## YOUR ASSIGNMENT
Your answer must be the exact lines below, starting with the line with "Reversible Tractor /" and going on through the line with "NATURBUMMLER Pavillon faltbar", both included, with no pictures.

## DATA SUPPLIED
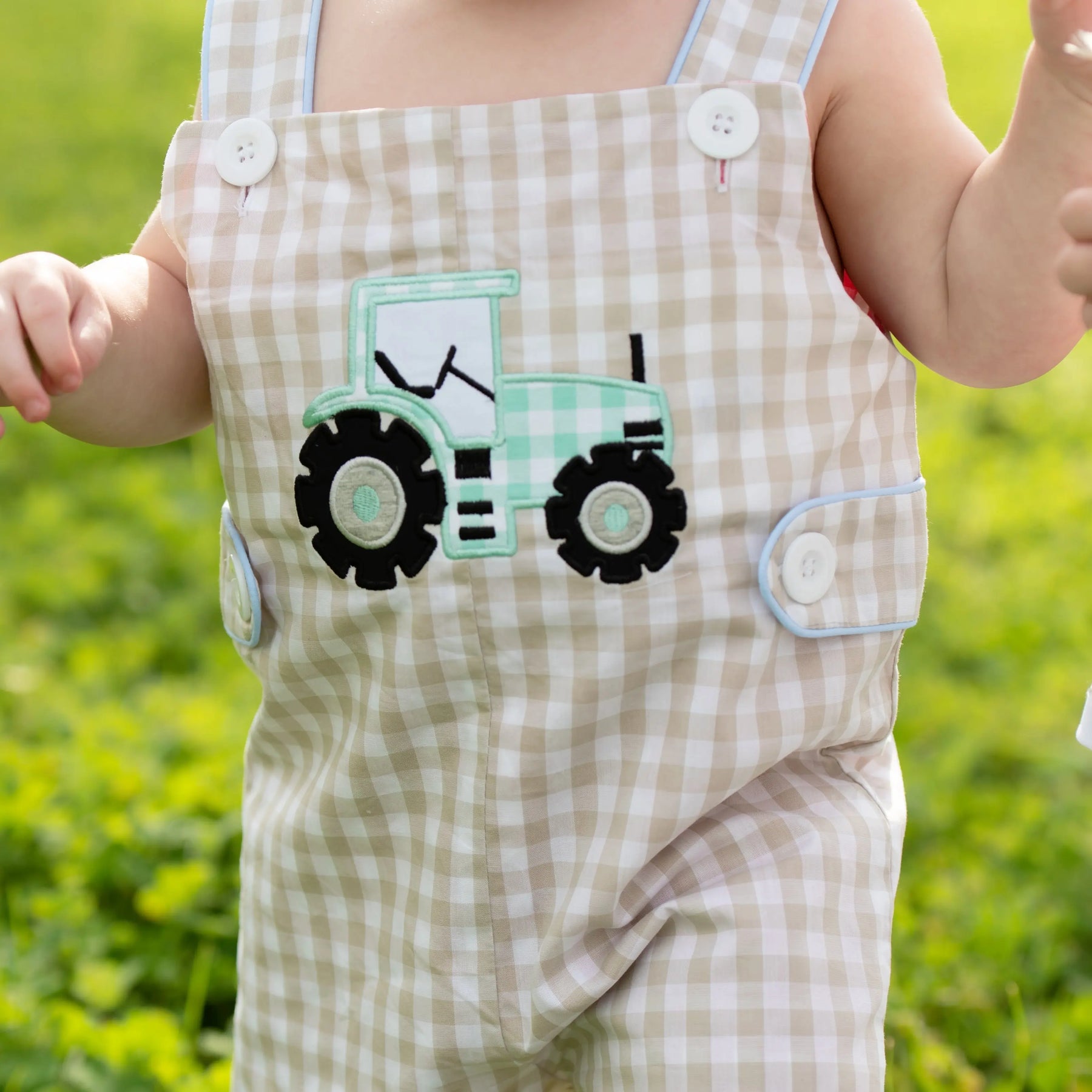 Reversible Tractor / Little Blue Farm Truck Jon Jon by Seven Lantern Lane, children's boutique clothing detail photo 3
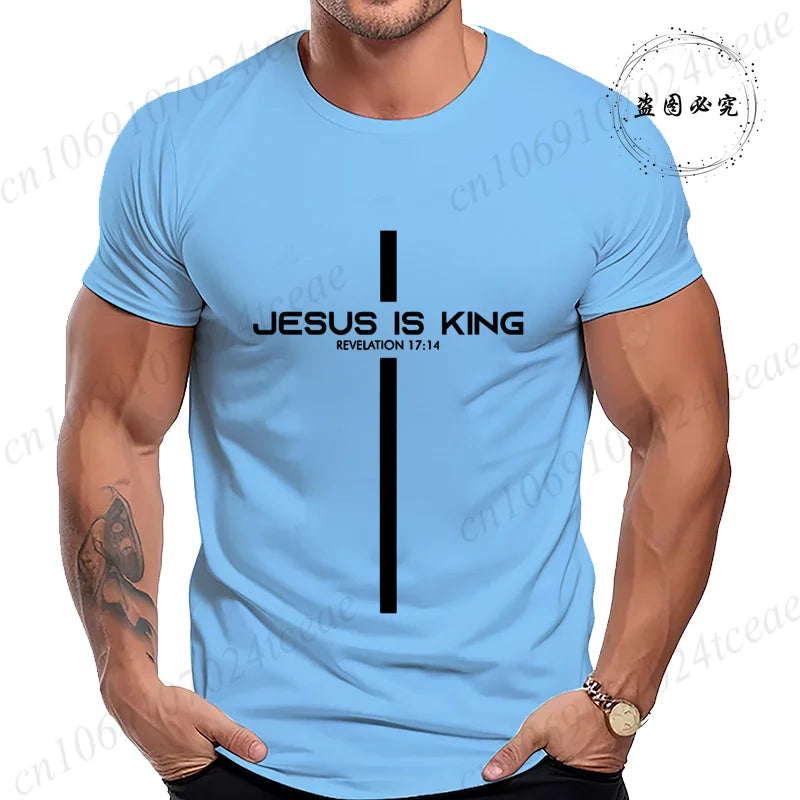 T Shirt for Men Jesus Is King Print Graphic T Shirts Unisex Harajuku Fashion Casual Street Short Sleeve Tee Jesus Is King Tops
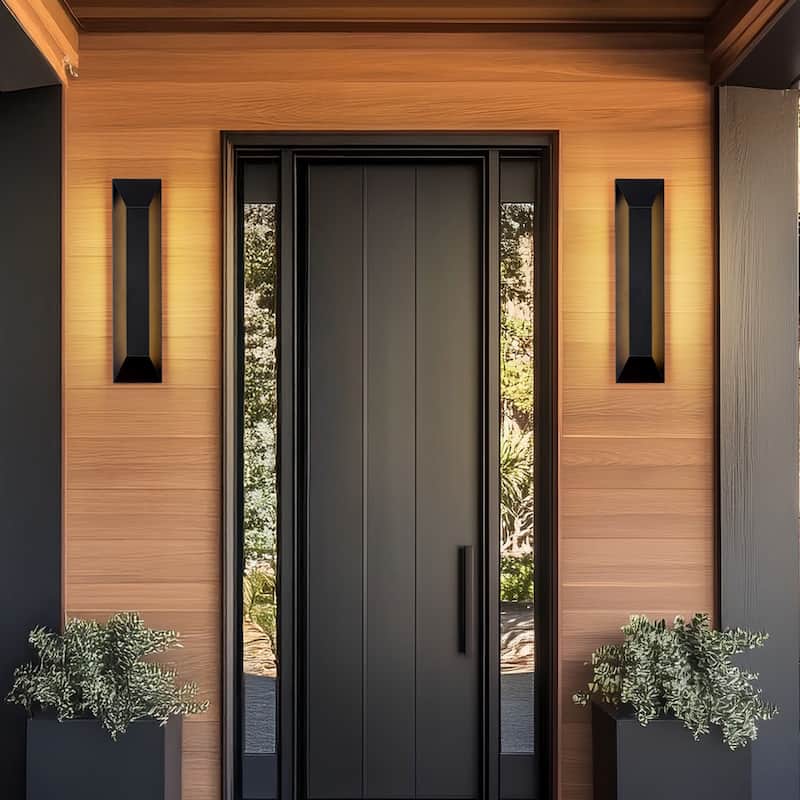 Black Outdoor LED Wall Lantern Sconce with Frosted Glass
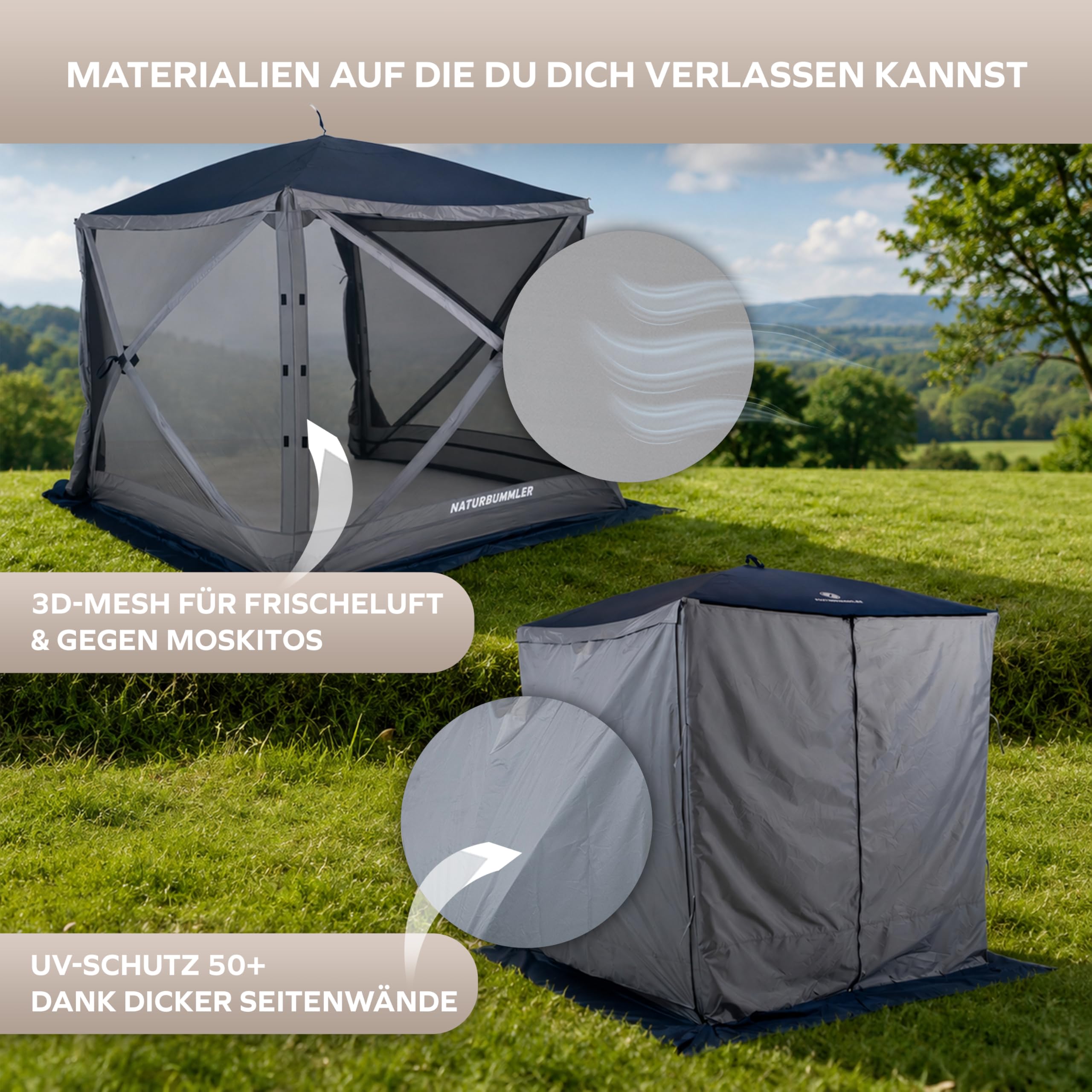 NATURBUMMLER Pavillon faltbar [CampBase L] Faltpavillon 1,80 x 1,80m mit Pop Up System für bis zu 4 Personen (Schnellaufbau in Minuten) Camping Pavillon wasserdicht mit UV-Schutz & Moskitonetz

==

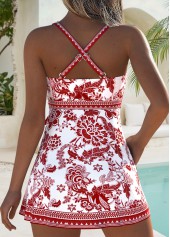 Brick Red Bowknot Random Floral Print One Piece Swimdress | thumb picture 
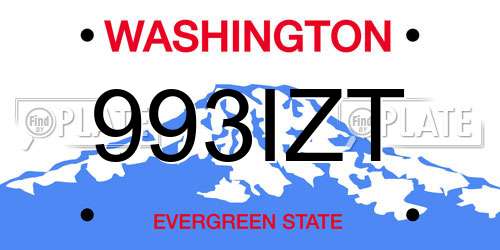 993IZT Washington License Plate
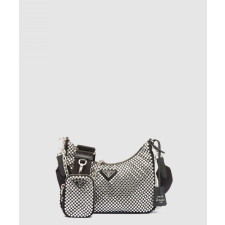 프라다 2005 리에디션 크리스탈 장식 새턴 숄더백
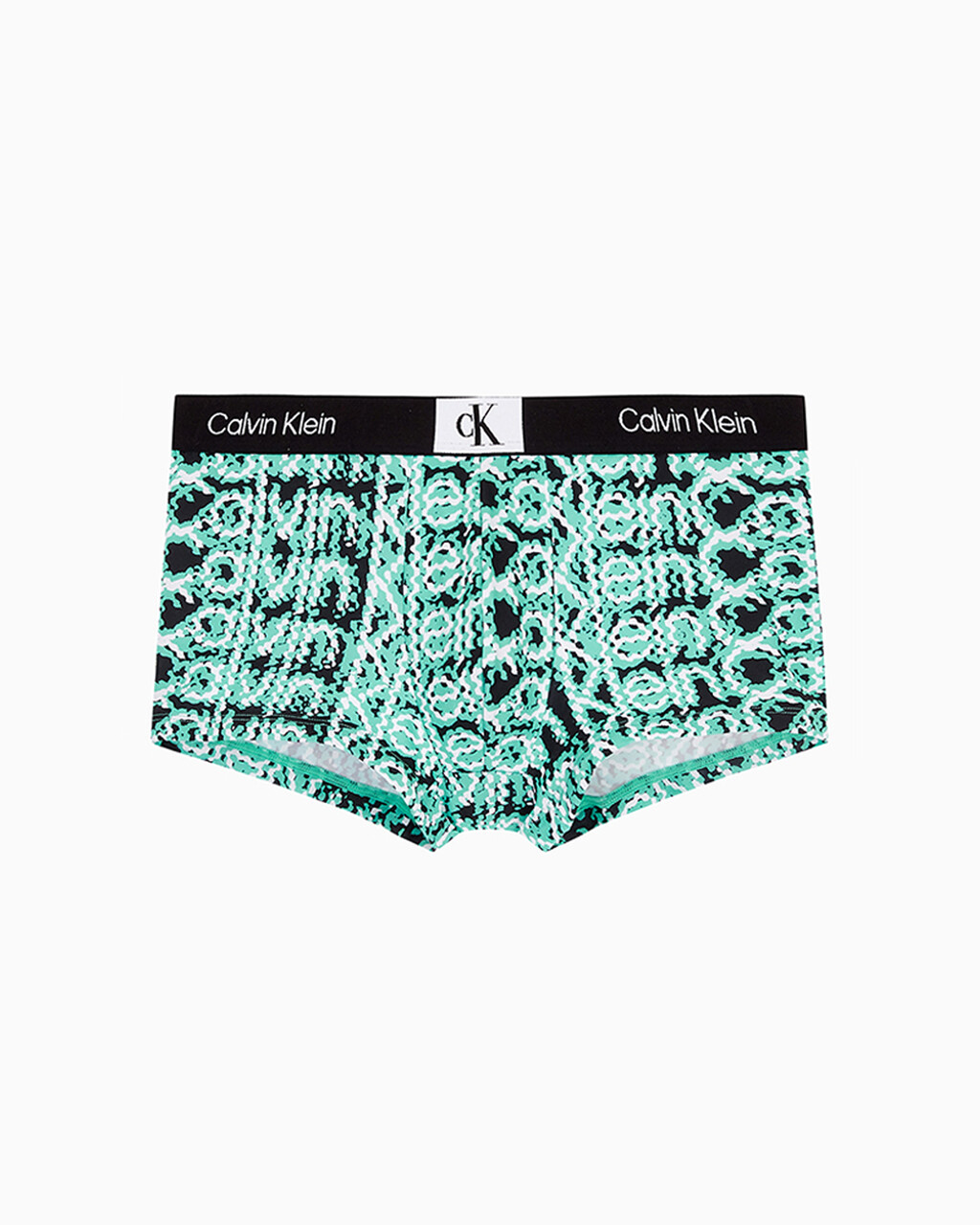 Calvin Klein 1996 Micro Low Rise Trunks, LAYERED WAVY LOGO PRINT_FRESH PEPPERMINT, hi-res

...

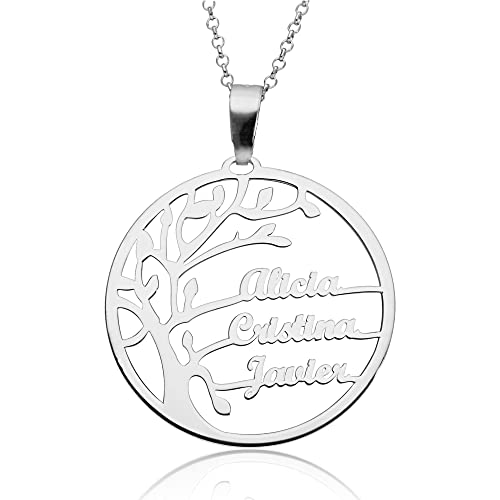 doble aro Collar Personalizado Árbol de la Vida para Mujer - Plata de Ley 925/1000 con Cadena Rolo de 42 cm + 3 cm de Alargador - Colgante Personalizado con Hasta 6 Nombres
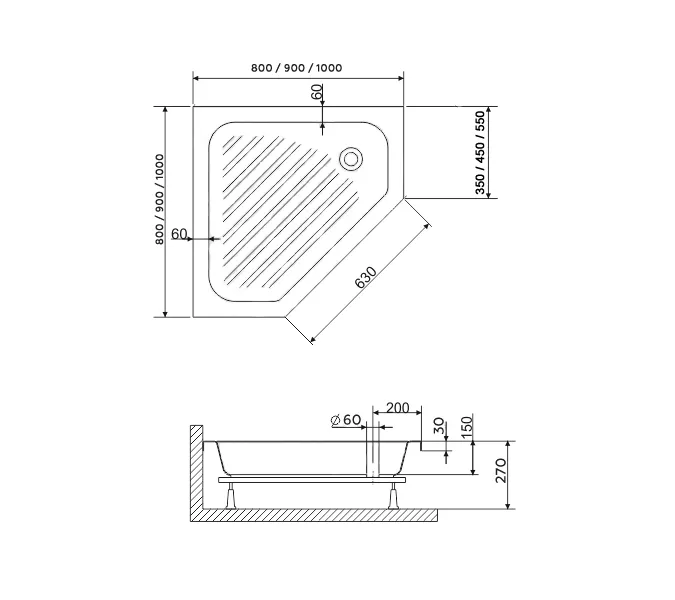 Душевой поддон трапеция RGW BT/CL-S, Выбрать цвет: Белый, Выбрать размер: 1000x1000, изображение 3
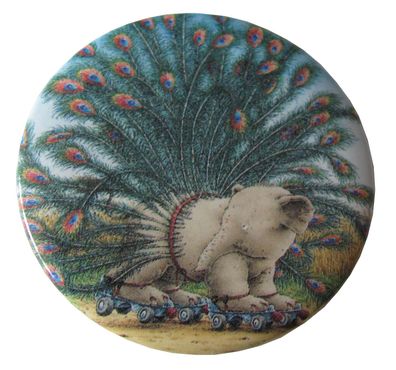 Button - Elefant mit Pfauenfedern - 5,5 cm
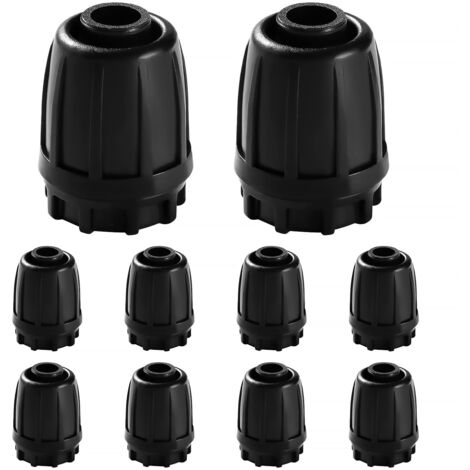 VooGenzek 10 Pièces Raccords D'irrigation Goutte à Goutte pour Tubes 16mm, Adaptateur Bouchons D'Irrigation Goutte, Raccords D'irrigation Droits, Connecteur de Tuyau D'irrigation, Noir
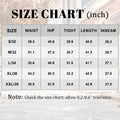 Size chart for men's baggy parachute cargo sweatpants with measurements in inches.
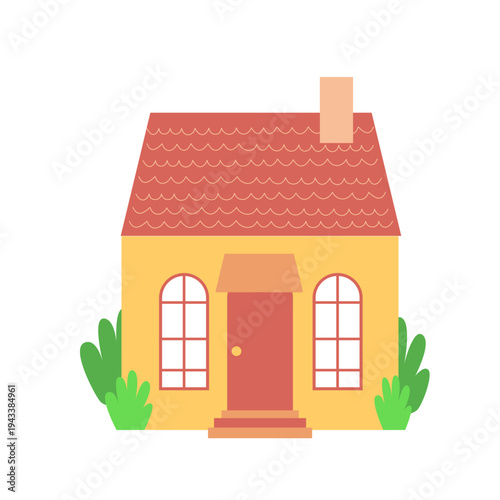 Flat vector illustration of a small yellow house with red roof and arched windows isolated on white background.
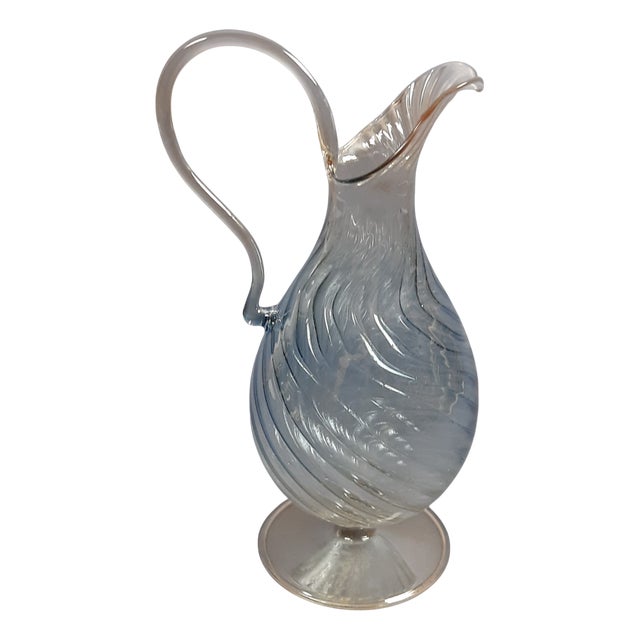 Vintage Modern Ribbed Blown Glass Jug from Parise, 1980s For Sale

## SOLUTION FOR THIS EXERCISE
 Reversible Tractor / Little Blue Farm Truck Jon Jon by Seven Lantern Lane, children's boutique clothing detail photo 3
 T Shirt for Men Jesus Is King Print Graphic T Shirts Unisex Harajuku Fashion Casual Street Short Sleeve Tee Jesus Is King Tops
 Black Outdoor LED Wall Lantern Sconce with Frosted Glass
 NATURBUMMLER Pavillon faltbar [CampBase L] Faltpavillon 1,80 x 1,80m mit Pop Up System für bis zu 4 Personen (Schnellaufbau in Minuten) Camping Pavillon wasserdicht mit UV-Schutz & Moskitonetz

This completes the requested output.